Genau diesen entscheidenden Wesenszug der Musik traf Frieder Bernius mit seinem Kammerchor und der Hofkapelle Stuttgart in einer kongenialen Aufführung im Hegelsaal der Liederhalle. Die milden und warmen Klänge namentlich in den mit Englischhörnern gefärbten Sätzen bezeugten eine Sensibilität des feinsinnigen Nach-Innen-Lauschens, die keine grellen Akzente nötig hat - und doch den Schmerz in erlesener Intensität zu akzentuieren weiß. Solch beherrschte Emphase ist hohe, dem Werk angemessene Kunst, zumal auch die opernhafte Dramatik in den beiden Bassarien in klarer Kontur ge-, aber nicht überzeichnet wurde.

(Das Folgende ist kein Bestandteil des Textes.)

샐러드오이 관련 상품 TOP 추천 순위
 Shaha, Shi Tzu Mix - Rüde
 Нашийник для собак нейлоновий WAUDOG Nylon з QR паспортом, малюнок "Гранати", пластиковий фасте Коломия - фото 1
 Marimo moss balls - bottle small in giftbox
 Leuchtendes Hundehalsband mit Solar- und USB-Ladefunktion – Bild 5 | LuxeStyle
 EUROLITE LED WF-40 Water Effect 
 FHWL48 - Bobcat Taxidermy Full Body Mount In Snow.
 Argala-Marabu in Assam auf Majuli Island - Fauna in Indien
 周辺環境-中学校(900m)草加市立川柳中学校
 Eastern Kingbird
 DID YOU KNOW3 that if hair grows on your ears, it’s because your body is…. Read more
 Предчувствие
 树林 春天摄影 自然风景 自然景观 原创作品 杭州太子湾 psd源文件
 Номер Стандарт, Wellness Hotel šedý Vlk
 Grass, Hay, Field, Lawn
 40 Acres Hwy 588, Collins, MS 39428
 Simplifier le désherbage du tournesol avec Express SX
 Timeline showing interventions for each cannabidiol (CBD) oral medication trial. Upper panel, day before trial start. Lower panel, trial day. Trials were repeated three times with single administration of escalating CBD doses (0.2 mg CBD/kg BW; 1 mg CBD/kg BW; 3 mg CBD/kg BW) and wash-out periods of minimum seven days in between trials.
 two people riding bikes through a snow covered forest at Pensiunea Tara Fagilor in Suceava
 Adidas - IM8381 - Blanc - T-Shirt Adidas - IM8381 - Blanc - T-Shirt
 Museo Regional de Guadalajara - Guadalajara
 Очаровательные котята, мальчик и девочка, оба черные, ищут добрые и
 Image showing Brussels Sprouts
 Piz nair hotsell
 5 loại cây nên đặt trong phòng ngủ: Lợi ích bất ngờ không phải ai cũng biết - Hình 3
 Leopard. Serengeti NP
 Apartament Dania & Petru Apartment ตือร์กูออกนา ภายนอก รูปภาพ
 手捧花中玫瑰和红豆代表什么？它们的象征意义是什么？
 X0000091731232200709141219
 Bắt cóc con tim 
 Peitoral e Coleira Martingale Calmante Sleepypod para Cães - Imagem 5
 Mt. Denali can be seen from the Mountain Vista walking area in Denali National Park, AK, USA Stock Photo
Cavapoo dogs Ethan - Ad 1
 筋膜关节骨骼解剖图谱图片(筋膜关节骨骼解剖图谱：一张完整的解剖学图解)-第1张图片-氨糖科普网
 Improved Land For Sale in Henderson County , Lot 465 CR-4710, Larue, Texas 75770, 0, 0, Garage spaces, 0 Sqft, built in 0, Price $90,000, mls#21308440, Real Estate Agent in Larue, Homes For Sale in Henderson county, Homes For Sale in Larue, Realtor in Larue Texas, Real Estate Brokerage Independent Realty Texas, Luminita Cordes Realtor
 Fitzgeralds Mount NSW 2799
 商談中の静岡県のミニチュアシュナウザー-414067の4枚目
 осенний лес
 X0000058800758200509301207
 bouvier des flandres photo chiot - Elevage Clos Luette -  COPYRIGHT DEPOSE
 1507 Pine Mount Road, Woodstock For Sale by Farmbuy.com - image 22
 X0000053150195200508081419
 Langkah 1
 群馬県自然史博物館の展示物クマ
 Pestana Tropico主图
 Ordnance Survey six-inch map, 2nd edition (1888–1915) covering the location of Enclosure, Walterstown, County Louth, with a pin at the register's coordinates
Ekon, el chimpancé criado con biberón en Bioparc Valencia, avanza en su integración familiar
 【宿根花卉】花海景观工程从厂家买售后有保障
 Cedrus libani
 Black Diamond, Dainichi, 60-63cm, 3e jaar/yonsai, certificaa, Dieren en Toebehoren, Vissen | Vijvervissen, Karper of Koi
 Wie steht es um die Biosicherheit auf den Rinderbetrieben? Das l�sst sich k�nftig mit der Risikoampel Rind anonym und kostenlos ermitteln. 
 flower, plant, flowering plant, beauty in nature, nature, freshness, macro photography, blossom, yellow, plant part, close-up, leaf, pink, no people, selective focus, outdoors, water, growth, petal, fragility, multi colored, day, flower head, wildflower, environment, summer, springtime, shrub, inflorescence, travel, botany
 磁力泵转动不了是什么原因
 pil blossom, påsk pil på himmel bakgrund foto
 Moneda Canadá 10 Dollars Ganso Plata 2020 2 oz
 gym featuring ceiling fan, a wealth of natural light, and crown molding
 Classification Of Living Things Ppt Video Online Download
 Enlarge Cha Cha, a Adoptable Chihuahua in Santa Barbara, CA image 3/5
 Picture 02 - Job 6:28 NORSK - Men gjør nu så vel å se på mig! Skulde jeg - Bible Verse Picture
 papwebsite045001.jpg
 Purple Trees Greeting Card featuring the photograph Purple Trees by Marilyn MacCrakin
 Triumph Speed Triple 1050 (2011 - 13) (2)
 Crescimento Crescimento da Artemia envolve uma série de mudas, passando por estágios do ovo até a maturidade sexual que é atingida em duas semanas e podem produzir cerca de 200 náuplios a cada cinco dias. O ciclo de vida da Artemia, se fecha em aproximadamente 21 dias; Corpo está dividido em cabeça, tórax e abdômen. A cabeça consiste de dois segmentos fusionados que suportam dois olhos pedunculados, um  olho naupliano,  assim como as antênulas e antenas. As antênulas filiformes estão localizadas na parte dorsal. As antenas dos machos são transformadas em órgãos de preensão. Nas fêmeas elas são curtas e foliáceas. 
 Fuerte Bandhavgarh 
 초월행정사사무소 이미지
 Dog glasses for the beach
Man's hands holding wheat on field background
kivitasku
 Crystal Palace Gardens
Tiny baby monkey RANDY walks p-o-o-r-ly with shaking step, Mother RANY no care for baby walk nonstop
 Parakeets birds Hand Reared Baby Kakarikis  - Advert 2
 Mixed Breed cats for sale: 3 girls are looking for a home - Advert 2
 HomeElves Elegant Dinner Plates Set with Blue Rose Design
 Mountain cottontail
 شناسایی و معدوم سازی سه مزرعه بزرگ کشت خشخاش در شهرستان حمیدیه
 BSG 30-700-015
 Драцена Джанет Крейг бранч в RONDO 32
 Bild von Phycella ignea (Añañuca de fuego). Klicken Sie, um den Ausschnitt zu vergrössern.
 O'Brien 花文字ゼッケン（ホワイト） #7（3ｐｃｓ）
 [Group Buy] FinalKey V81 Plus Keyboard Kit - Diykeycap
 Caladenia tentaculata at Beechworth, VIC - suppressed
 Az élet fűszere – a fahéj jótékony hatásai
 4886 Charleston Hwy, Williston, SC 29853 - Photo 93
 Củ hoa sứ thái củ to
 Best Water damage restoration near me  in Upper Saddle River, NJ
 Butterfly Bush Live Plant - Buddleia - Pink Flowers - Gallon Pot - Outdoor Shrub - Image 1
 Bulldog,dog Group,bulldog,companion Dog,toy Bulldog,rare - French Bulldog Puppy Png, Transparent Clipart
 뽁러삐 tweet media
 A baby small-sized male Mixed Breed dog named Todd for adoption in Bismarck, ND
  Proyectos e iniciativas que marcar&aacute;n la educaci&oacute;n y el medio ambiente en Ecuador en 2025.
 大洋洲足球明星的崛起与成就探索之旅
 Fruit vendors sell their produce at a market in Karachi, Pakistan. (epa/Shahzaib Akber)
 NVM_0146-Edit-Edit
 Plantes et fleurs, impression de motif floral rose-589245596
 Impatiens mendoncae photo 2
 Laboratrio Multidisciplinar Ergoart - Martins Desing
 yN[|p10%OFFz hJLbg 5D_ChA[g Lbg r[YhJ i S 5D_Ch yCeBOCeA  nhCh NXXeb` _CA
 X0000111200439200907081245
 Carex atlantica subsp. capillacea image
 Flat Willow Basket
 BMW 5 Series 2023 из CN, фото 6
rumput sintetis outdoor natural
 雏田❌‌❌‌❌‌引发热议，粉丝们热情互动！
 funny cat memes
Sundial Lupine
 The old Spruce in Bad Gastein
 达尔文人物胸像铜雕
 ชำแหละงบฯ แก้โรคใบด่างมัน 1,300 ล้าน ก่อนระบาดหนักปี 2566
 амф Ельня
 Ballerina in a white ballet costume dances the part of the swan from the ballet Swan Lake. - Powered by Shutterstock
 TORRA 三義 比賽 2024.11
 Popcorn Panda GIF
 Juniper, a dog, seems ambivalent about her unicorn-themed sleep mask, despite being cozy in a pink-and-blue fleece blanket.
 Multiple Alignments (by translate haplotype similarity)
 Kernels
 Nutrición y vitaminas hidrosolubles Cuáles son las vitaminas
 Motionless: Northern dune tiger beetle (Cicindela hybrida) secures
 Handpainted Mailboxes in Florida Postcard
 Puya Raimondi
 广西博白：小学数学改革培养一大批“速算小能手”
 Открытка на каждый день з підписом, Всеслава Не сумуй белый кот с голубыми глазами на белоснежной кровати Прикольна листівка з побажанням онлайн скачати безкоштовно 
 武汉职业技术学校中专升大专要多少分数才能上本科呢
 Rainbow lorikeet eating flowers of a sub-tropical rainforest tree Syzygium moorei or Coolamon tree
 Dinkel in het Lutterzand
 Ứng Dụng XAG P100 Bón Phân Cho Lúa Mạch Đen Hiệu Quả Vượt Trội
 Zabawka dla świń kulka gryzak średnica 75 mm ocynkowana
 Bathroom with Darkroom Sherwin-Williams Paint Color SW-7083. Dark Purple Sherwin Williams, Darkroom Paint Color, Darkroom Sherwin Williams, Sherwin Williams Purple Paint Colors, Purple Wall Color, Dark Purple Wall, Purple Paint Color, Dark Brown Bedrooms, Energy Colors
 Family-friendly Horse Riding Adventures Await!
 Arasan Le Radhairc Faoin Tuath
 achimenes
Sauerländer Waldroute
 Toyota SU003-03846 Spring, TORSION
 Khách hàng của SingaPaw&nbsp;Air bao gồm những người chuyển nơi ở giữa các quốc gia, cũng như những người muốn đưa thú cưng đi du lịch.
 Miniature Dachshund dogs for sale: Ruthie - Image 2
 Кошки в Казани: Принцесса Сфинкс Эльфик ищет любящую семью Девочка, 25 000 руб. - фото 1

Bernius’ Konzentration auf den Ausdruck der Musik selbst statt auf den Eindruck, den sie nach Interpretenwillkür zu schinden hat, verlieh auch den Chorsätzen die Dimension verbindlichster Klangsprache: völlig unforciert in der Tongebung, absolut homogen und durchhörbar, geschmeidig phrasierend und den Gestaltenreichtum in wunderbarer Balance artikulierend. Die Sopranistin Sarah Wegener glänzte - wie alle Vokalsolisten - mit feinem Schmelz und exzellenter Technik (nur die in die Amen-Fuge hineingeschnittenen Koloraturen gerieten etwas eckig). Marie Henriette Reinhold (Alt) sang edle Linien, manchmal vielleicht eine Spur zu teilnahmslos. Tenor Colin Balzer verströmte schlank-expressive Kantabilität (nur am Ende musste er mal um die Höhe kämpfen). Gekonnt verband der Bass Sebastian Noack Beweglichkeit und Nachdruck.

In Bachs Ostermontag-Kantate „Bleib bei uns“ (BWV 6) folgte Bernius hochsensibel dem elegischen Charakter des Werks. Den Eingangschor ließ er abwechselnd von zwei Chorhälften singen: keine authentische Praxis, sondern ein Vorgriff auf Bachs folgende doppelchörige Motette „Ich lasse dich nicht“ mit ihrer chaconneartigen Thematik, wundersam ausformuliert als sanft schwingender Wechselgesang.